> _Records_:
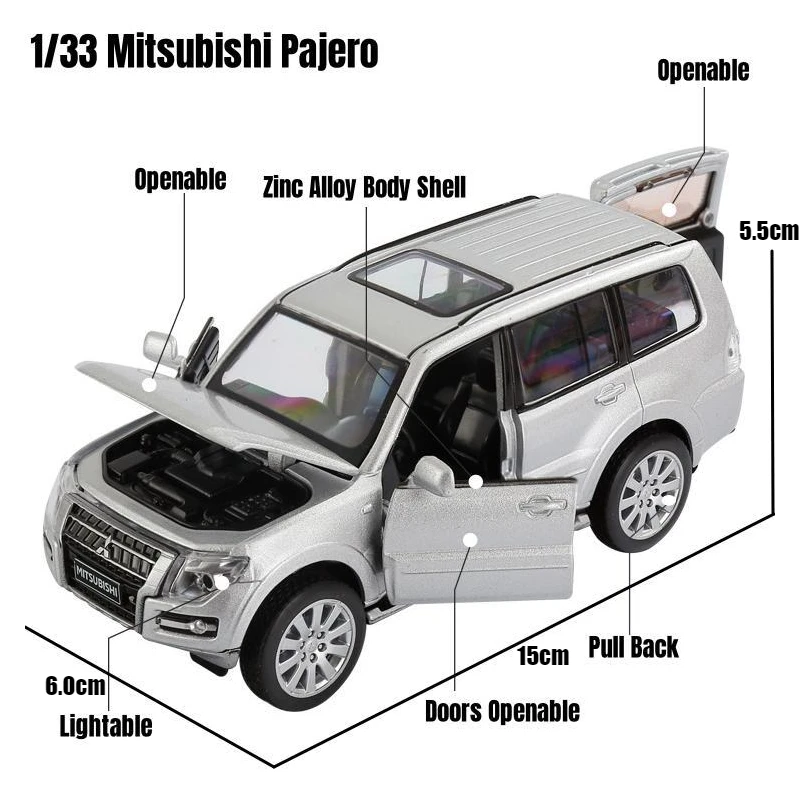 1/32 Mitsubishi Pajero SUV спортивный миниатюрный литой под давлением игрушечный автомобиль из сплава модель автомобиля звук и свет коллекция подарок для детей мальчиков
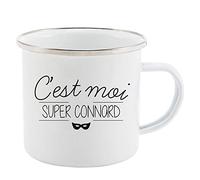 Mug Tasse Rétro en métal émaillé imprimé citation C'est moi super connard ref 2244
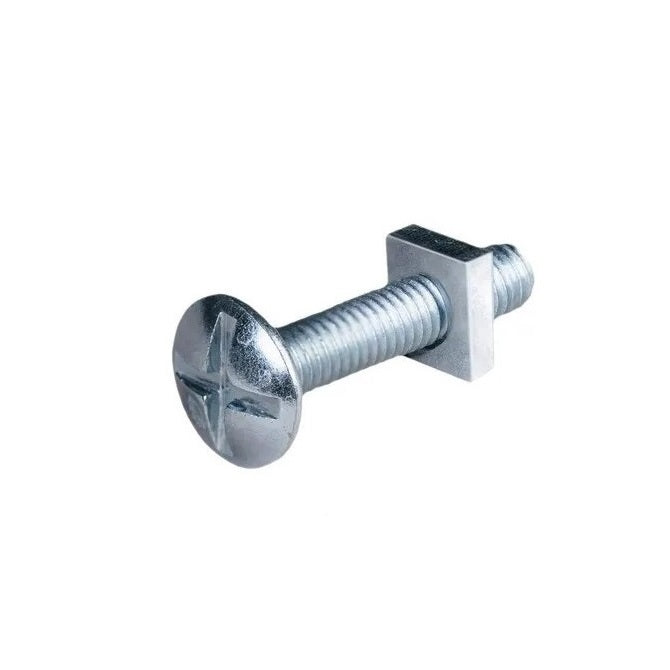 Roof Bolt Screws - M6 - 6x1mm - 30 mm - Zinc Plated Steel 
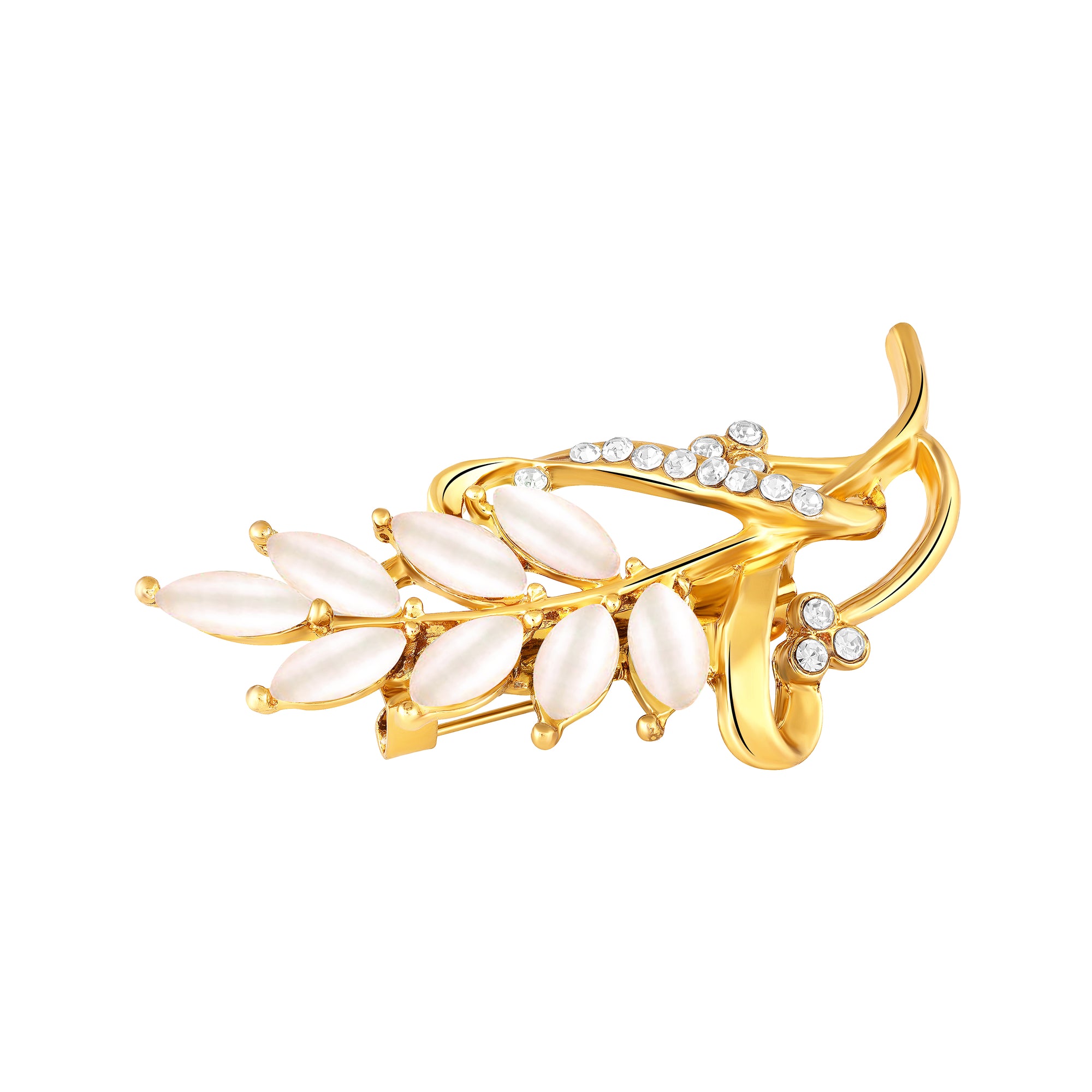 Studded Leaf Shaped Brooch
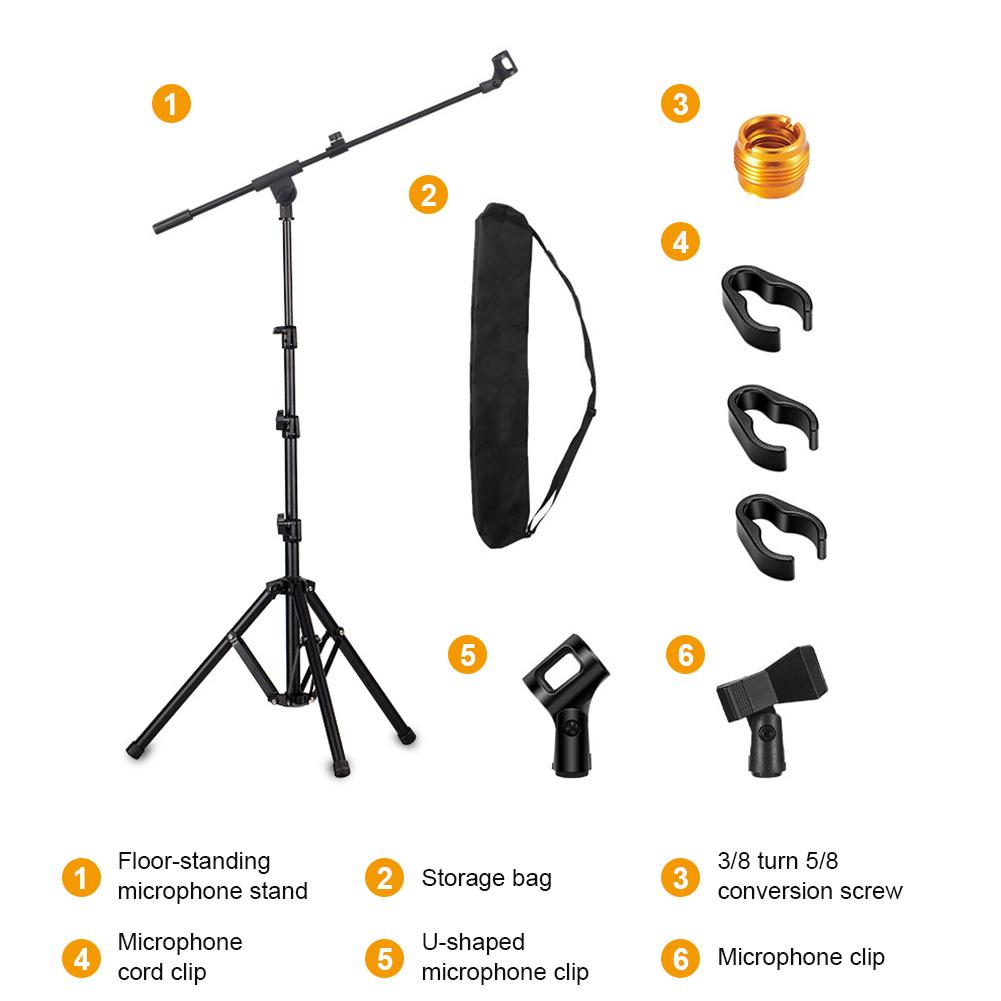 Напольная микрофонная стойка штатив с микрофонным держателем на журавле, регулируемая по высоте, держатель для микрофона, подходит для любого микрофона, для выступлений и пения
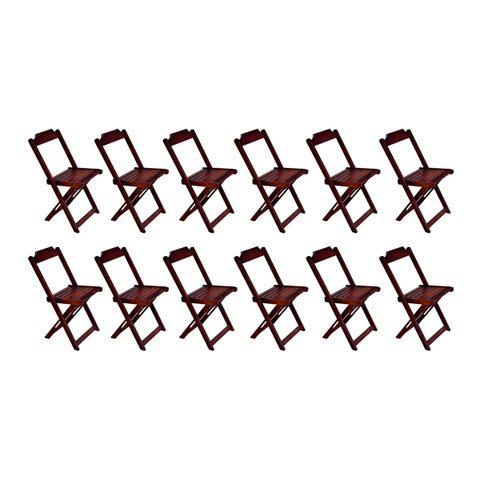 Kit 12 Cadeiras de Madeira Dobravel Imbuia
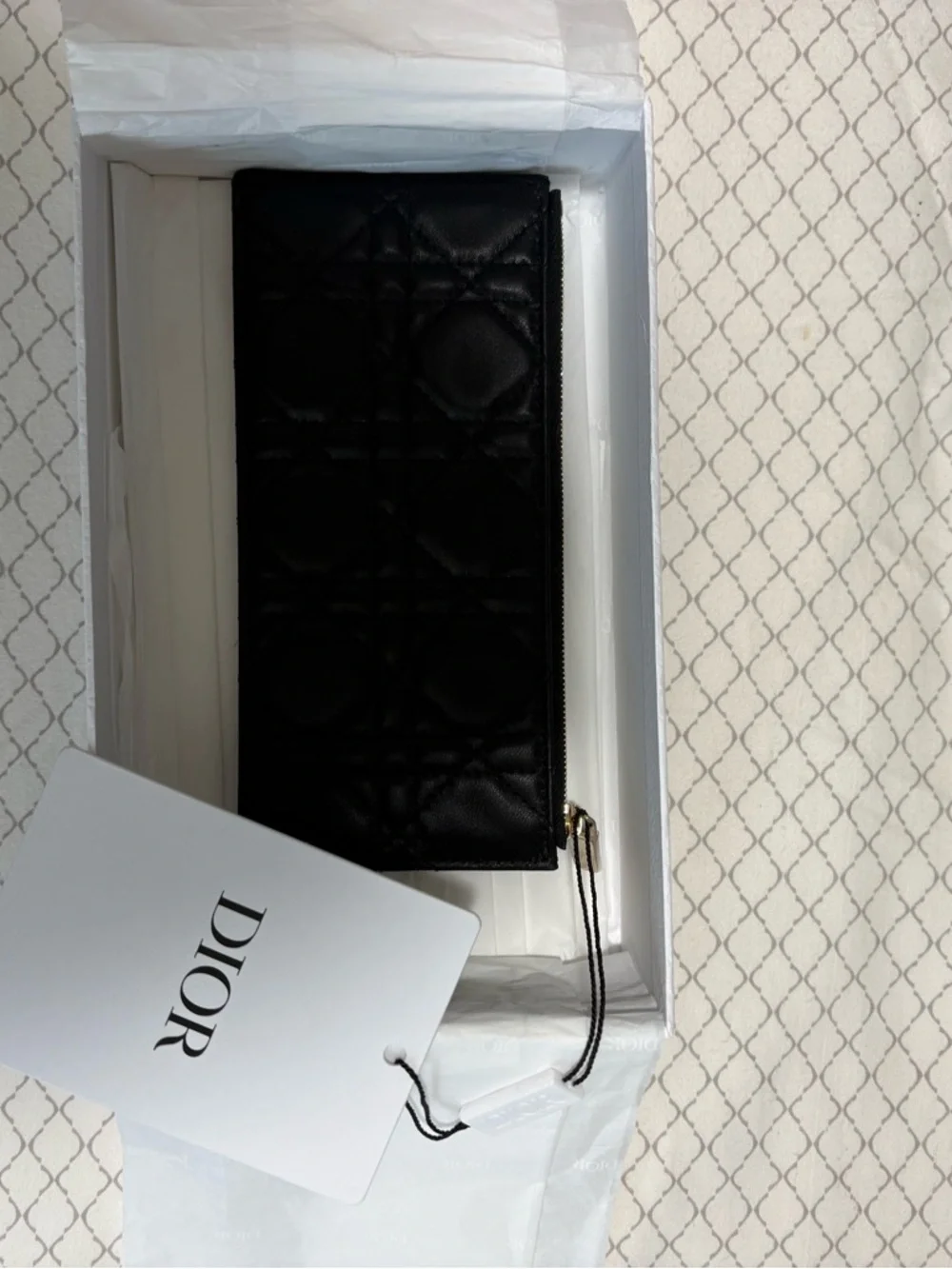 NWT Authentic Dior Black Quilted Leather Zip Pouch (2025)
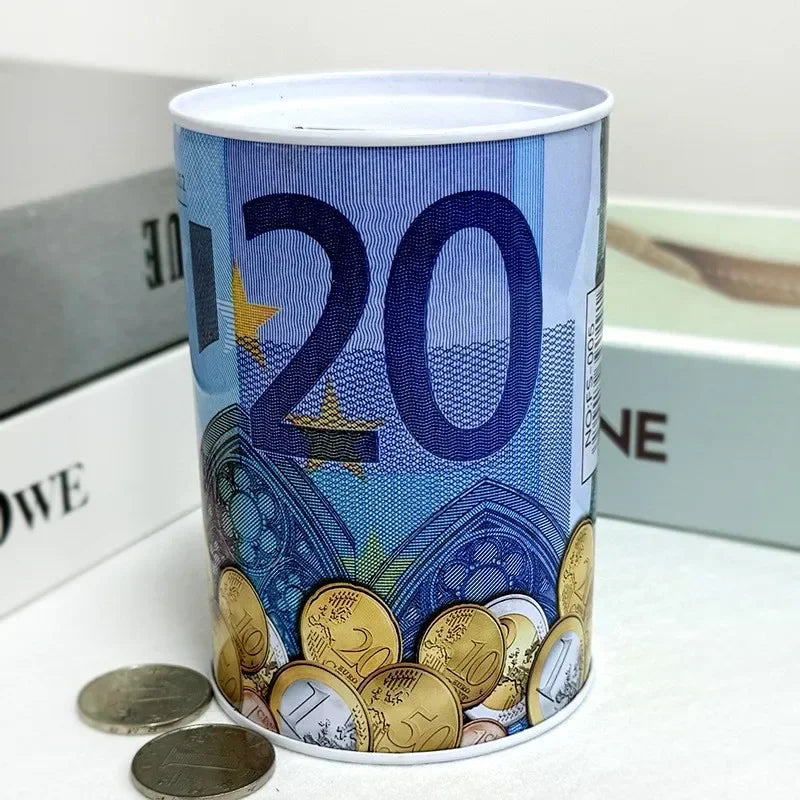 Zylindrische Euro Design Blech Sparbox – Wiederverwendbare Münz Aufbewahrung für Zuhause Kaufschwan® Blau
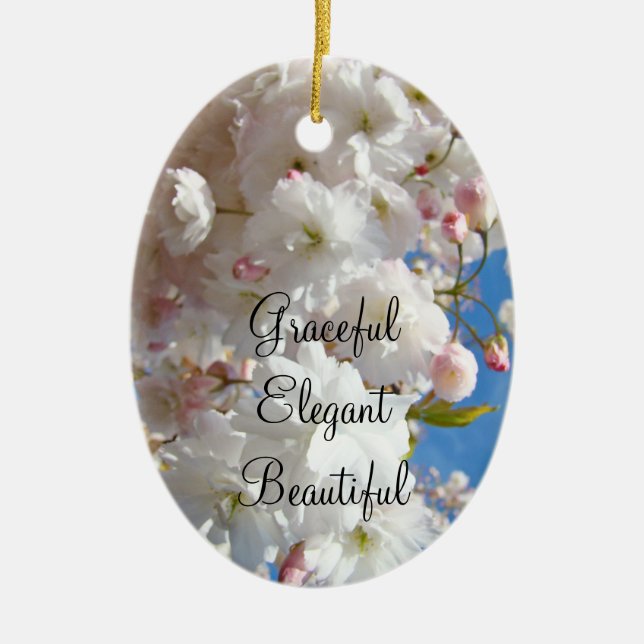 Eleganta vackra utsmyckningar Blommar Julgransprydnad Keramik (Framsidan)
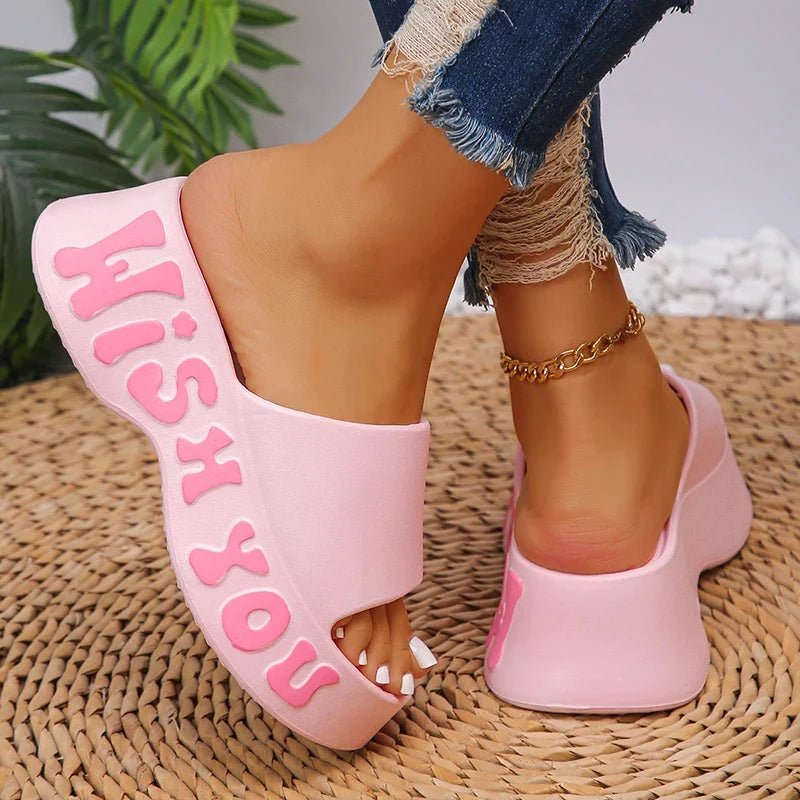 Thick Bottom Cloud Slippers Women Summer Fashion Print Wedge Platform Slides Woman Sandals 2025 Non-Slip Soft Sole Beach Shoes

> _Directions_: Once the pictures are set aside, restate the remaining data above exactly.

> _Answer to this exercise_:
 1/32 Mitsubishi Pajero SUV спортивный миниатюрный литой под давлением игрушечный автомобиль из сплава модель автомобиля звук и свет коллекция подарок для детей мальчиков
 Mug Tasse Rétro en métal émaillé imprimé citation C'est moi super connard ref 2244
 Roof Bolt Screws - M6 - 6x1mm - 30 mm - Zinc Plated Steel 
 Studded Leaf Shaped Brooch
 Напольная микрофонная стойка штатив с микрофонным держателем на журавле, регулируемая по высоте, держатель для микрофона, подходит для любого микрофона, для выступлений и пения
 Kit 12 Cadeiras de Madeira Dobravel Imbuia
 NWT Authentic Dior Black Quilted Leather Zip Pouch (2025)
 Zylindrische Euro Design Blech Sparbox – Wiederverwendbare Münz Aufbewahrung für Zuhause Kaufschwan® Blau
 Eleganta vackra utsmyckningar Blommar Julgransprydnad Keramik (Framsidan)
 Thick Bottom Cloud Slippers Women Summer Fashion Print Wedge Platform Slides Woman Sandals 2025 Non-Slip Soft Sole Beach Shoes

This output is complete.